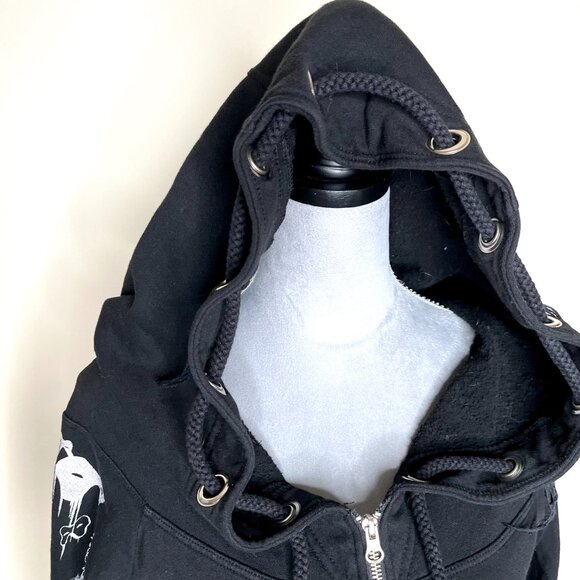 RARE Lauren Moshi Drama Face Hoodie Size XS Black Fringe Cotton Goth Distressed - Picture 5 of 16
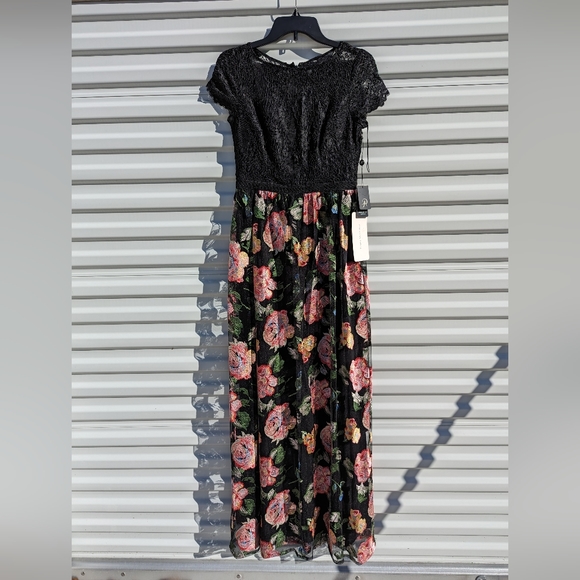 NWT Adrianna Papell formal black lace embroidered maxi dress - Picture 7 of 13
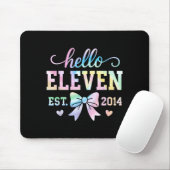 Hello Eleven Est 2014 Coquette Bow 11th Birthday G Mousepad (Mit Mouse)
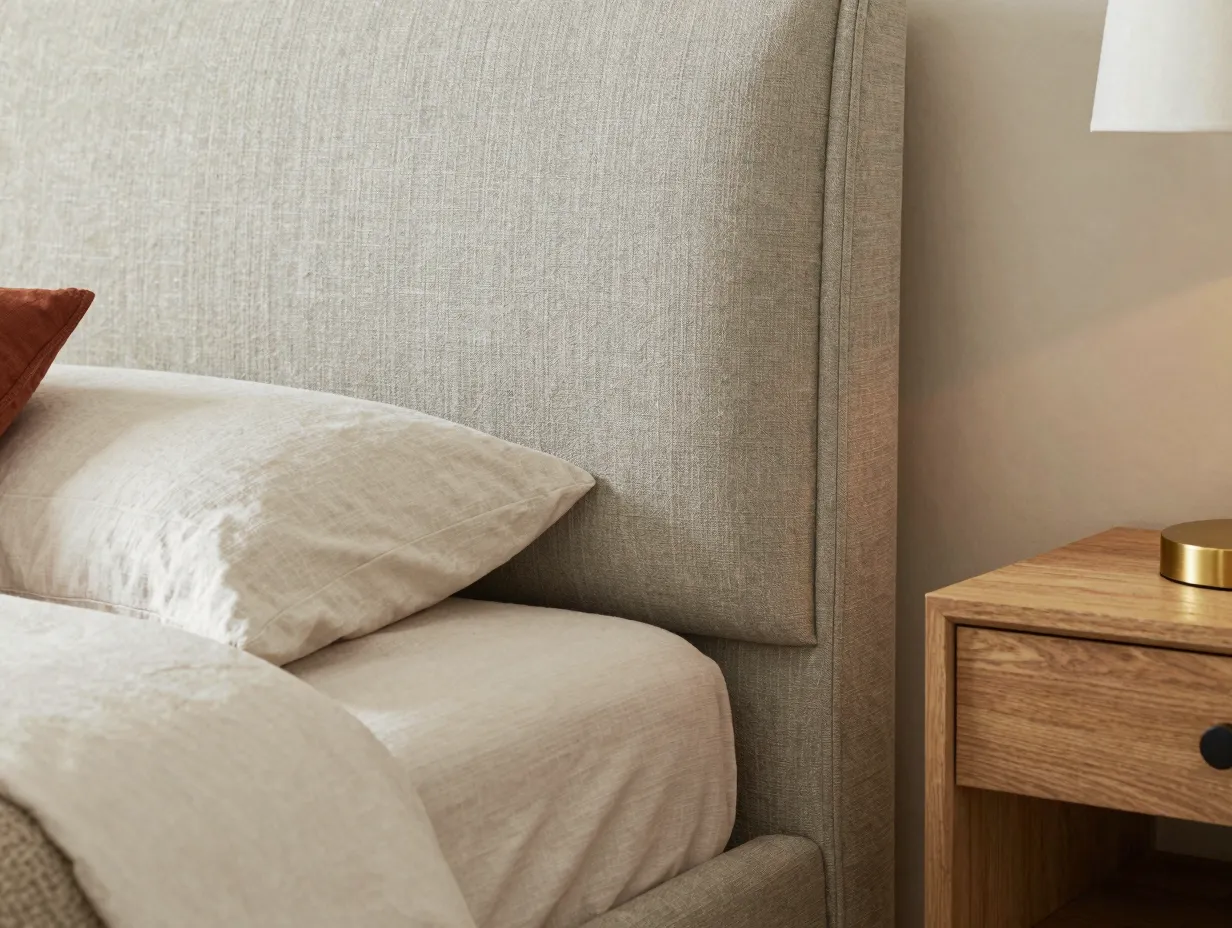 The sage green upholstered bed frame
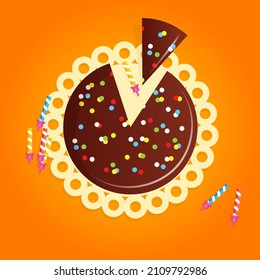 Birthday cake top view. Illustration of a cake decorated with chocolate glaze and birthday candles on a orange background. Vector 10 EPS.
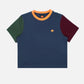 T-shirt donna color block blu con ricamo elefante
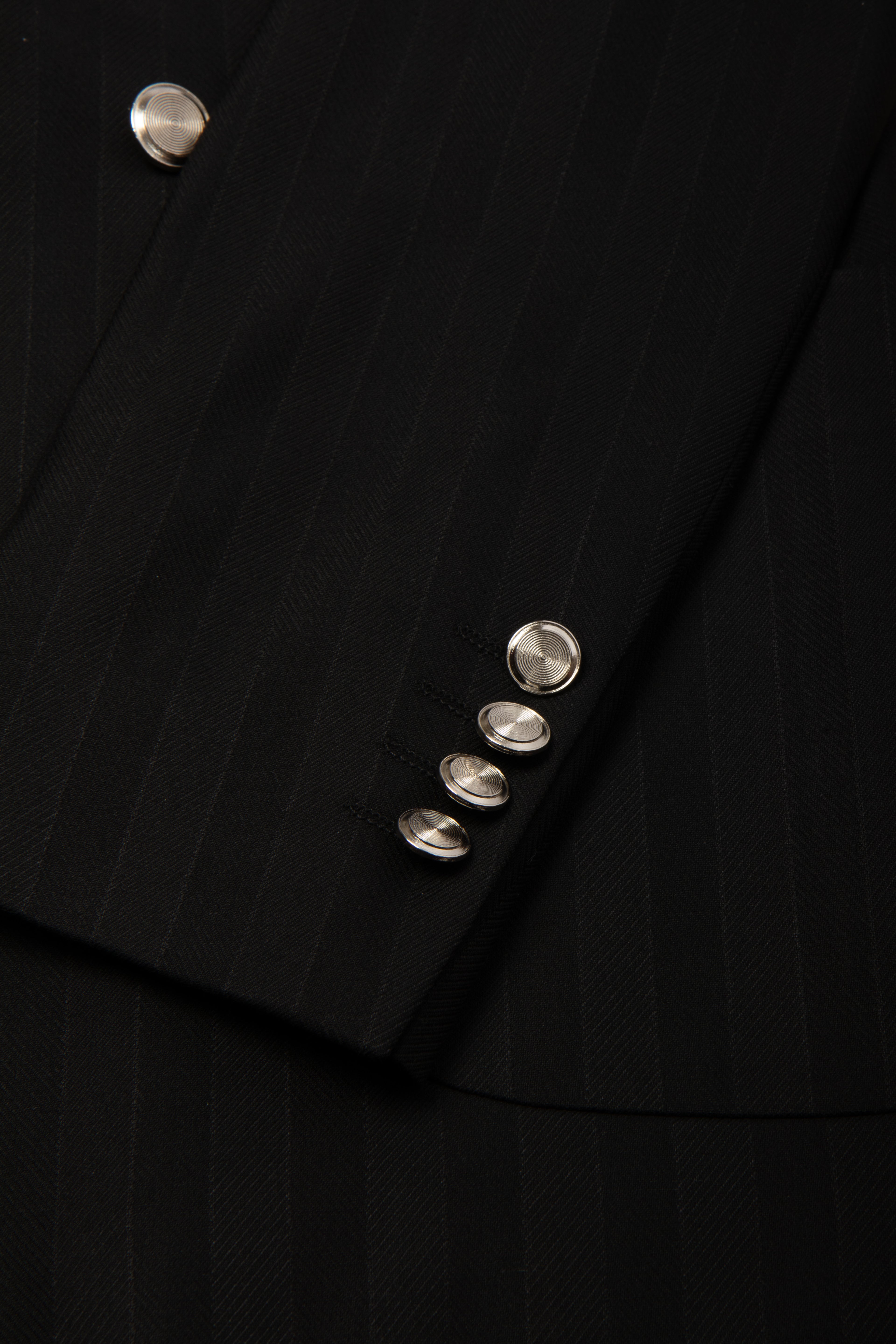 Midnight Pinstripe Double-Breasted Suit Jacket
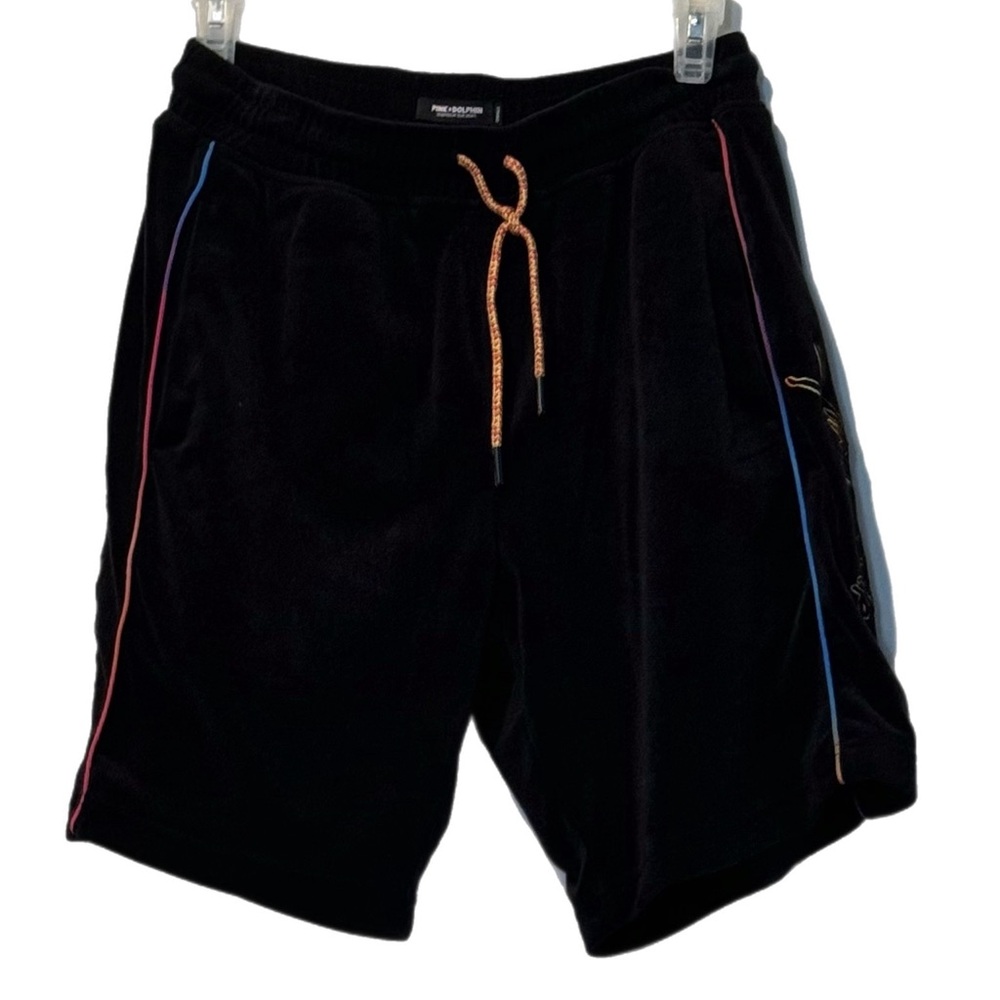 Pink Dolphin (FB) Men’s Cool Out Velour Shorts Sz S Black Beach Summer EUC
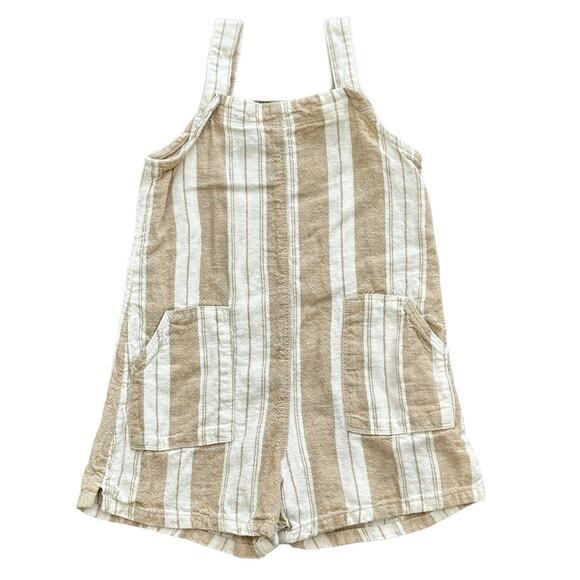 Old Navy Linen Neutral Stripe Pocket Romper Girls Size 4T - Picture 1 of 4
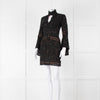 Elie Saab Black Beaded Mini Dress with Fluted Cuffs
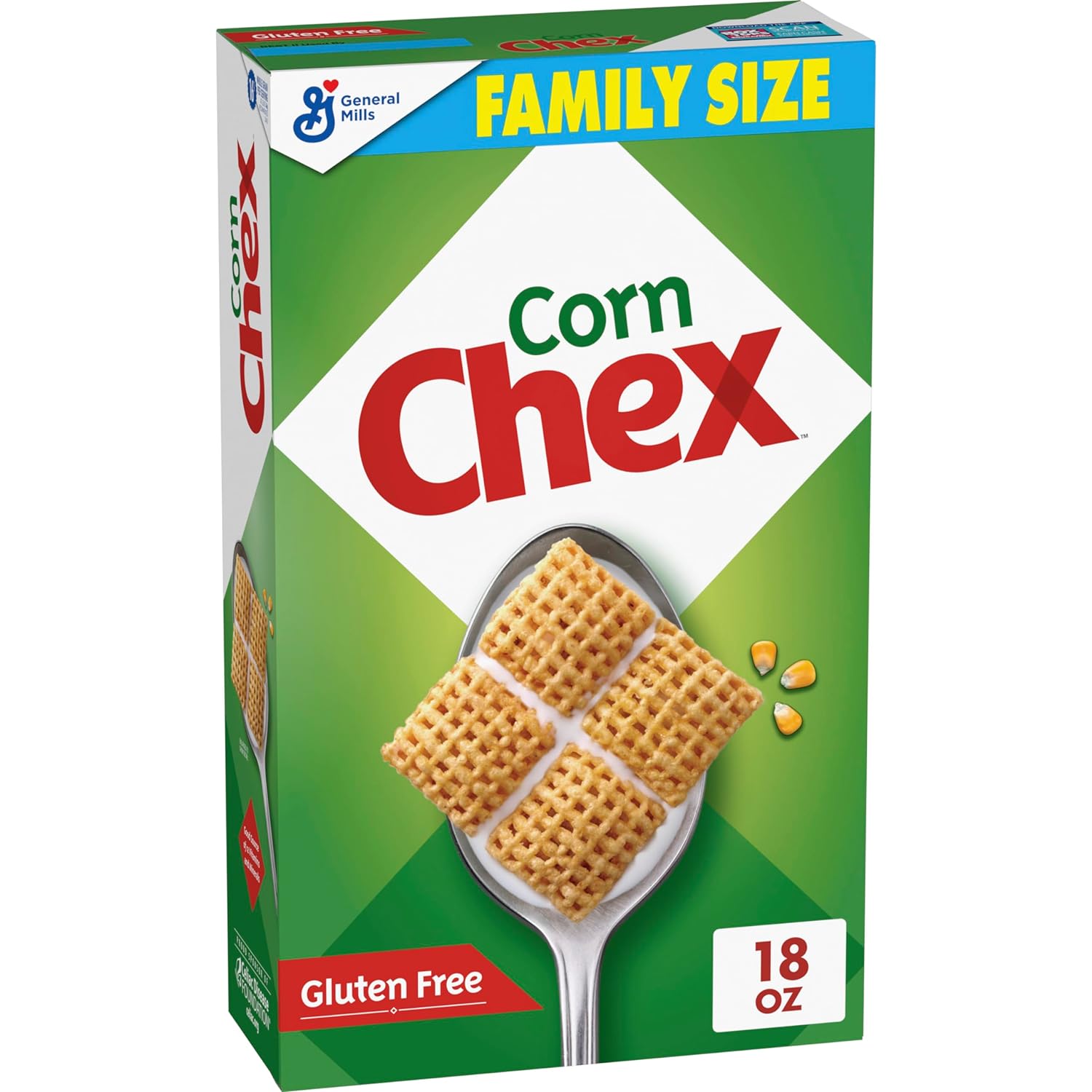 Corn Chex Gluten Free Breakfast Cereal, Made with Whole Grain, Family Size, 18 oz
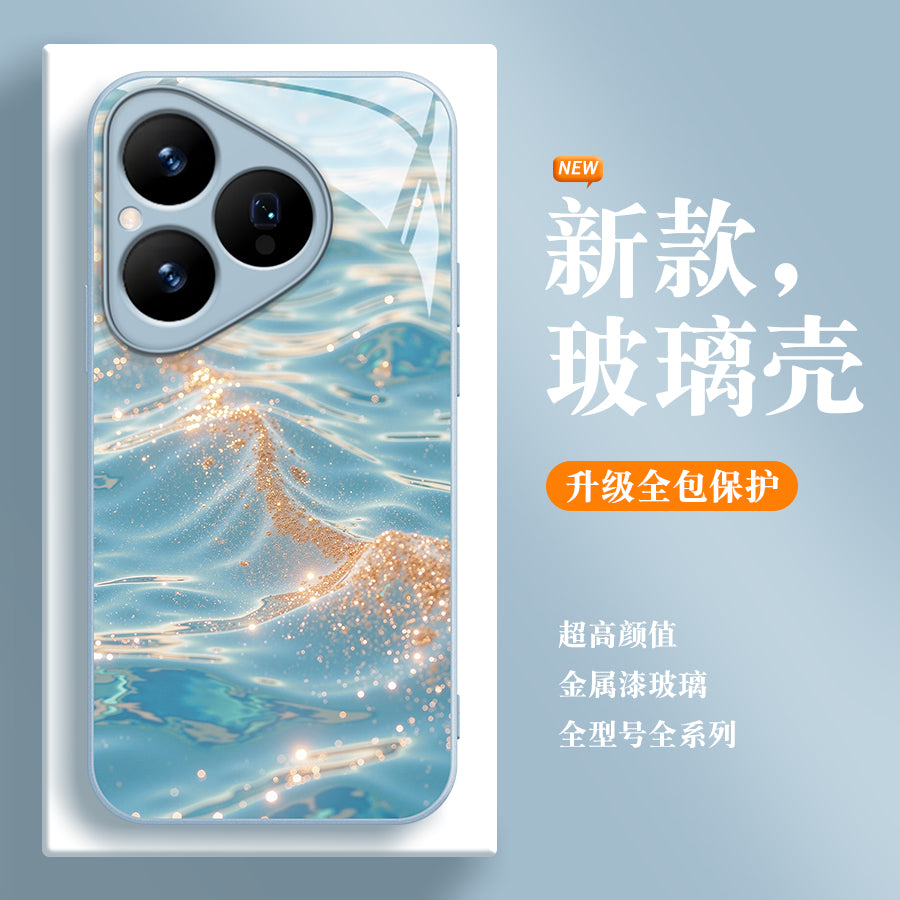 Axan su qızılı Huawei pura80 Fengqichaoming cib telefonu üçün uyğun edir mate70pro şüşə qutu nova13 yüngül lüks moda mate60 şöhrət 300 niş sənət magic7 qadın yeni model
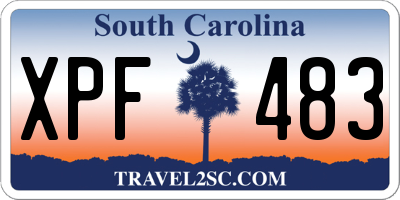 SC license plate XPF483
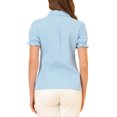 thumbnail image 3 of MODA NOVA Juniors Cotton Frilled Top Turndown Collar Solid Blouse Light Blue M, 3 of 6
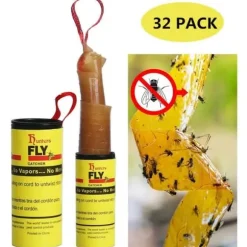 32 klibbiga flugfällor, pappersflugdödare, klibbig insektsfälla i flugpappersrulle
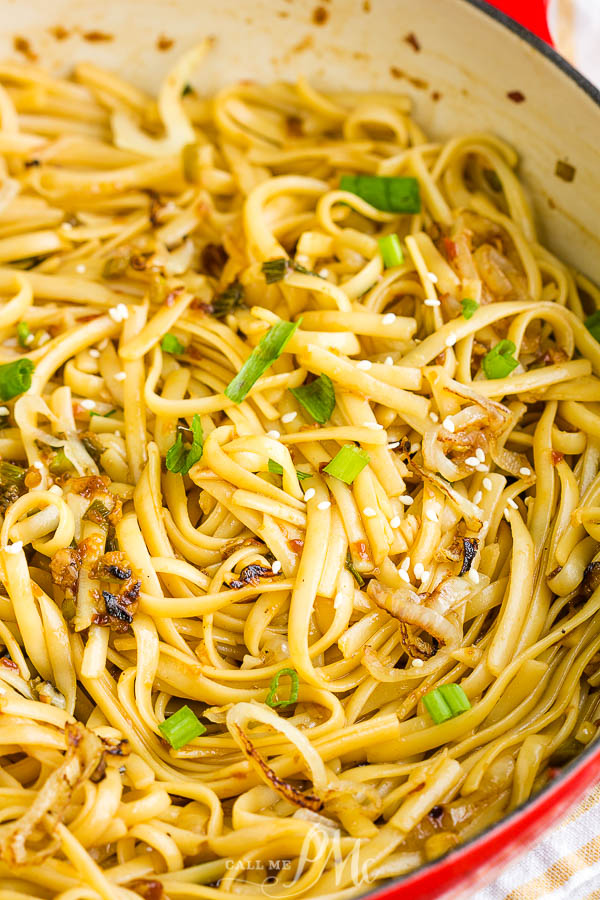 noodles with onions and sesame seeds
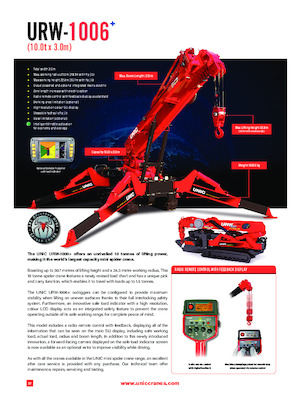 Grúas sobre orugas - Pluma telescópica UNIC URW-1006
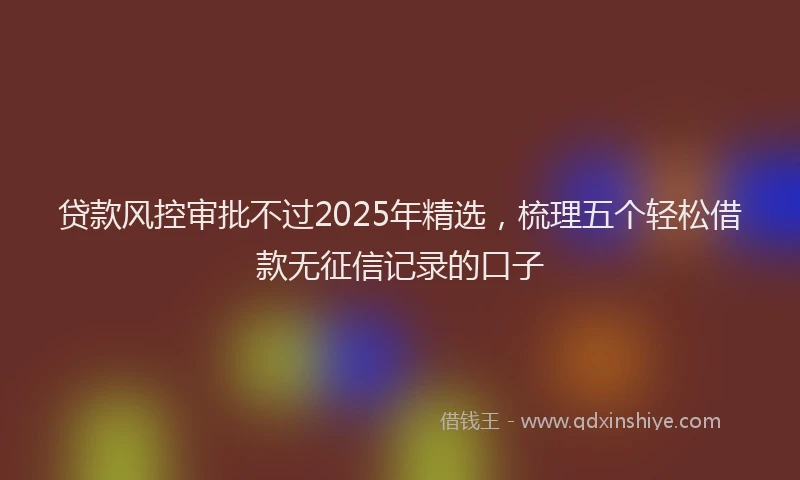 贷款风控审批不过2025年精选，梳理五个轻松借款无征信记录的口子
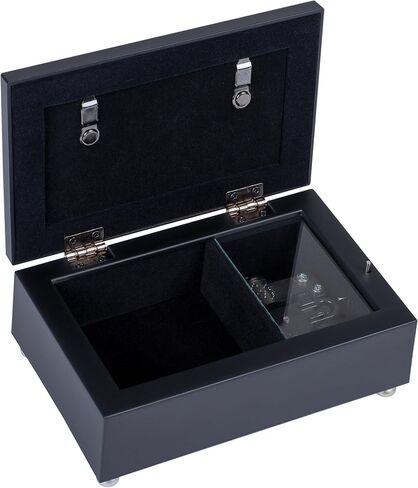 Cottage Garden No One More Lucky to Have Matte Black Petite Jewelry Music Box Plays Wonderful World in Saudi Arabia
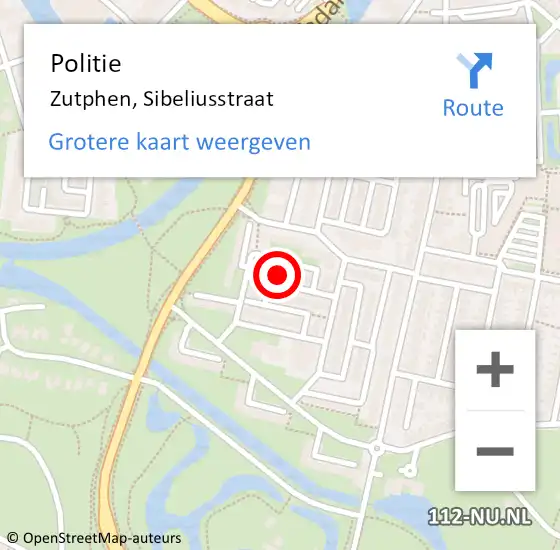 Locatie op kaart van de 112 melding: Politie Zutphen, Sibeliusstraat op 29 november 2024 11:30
-.-.-
**Task to complete:**
Copy nothing but the lines from the top of the material through the line holding "The sage green upholstered bed frame", exactly as written; omit pictures.

**Solution for this exercise:**
 RARE Lauren Moshi Drama Face Hoodie Size XS Black Fringe Cotton Goth Distressed - Picture 5 of 16
 NWT Adrianna Papell formal black lace embroidered maxi dress - Picture 7 of 13
 Hello Eleven Est 2014 Coquette Bow 11th Birthday G Mousepad (Mit Mouse)
 The sage green upholstered bed frame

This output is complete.